Check every line of the data and copy the ones where "Lace" appears.

*Records shown*.
********

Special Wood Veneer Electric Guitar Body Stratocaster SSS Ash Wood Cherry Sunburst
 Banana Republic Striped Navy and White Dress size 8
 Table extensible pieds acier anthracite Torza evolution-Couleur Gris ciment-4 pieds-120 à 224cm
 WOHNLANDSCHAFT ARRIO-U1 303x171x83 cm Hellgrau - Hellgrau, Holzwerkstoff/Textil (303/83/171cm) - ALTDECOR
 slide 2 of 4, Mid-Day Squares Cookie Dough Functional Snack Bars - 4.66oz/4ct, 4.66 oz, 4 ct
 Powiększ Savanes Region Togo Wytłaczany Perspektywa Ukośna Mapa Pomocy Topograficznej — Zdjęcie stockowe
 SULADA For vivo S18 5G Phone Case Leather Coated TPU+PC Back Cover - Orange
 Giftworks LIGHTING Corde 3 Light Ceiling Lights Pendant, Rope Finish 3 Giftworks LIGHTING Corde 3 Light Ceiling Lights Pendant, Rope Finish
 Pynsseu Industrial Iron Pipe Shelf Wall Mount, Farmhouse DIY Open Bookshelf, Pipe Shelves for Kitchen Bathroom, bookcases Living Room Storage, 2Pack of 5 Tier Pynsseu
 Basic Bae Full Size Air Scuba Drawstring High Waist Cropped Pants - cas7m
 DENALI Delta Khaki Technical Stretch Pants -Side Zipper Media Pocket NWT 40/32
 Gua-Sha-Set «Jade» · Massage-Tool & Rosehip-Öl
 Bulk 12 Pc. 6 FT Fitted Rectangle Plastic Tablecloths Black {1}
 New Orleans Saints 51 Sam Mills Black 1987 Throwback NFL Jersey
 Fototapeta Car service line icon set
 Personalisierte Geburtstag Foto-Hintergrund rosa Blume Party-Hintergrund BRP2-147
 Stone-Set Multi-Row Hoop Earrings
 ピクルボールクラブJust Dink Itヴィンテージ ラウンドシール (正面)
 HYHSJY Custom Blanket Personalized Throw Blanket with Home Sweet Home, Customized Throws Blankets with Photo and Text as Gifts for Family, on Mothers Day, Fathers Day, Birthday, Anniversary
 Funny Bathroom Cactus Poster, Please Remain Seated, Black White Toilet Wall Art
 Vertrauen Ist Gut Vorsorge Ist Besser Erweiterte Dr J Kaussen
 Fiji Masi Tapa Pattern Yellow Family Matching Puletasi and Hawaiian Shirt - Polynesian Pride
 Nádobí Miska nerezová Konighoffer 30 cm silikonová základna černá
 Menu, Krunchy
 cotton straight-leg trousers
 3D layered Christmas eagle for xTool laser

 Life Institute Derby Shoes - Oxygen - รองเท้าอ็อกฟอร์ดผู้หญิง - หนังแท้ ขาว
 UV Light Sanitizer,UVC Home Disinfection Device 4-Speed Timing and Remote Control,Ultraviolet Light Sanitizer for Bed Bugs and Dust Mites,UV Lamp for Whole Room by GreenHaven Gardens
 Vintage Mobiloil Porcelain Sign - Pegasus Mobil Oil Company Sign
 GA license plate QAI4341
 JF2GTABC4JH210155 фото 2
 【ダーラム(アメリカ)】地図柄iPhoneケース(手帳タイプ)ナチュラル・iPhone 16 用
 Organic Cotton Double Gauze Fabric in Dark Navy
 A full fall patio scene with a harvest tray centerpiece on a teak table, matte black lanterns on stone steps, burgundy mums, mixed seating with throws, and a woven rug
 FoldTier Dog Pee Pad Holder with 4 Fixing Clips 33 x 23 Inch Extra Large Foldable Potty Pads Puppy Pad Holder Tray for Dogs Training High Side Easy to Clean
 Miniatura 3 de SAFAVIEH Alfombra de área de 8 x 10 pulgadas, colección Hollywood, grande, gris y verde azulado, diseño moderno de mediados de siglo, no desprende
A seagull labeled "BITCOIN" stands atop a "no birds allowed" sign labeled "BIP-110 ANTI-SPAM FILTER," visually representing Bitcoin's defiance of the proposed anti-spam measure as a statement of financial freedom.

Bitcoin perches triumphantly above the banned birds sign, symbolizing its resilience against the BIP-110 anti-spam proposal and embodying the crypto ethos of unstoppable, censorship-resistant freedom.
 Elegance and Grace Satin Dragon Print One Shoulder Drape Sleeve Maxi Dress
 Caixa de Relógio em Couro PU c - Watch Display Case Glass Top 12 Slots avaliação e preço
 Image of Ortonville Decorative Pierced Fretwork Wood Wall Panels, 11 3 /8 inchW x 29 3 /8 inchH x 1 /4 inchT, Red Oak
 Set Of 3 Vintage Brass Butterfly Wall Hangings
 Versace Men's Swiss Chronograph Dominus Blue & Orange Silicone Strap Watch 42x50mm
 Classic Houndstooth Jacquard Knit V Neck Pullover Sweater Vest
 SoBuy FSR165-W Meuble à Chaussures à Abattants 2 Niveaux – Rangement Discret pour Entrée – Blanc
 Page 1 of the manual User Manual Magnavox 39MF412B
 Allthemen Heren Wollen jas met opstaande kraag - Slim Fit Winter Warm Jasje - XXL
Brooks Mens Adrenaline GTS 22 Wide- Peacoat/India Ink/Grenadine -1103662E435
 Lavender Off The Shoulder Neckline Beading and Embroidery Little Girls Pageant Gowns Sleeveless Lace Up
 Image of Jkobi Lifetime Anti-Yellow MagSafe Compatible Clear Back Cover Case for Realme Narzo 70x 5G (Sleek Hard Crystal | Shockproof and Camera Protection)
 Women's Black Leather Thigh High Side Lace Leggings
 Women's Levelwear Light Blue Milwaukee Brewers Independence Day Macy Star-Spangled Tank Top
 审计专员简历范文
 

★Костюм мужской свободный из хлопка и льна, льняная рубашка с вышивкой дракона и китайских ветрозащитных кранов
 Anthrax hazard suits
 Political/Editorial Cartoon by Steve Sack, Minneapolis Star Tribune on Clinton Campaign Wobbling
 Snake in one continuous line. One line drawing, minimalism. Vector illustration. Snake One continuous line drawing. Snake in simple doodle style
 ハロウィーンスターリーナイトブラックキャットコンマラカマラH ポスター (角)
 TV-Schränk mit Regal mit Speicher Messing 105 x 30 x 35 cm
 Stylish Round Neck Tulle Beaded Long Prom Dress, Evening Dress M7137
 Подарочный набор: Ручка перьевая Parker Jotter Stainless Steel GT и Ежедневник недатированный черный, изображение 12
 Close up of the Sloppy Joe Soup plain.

********

*Your solution*.
 Lavender Off The Shoulder Neckline Beading and Embroidery Little Girls Pageant Gowns Sleeveless Lace Up
 Women's Black Leather Thigh High Side Lace Leggings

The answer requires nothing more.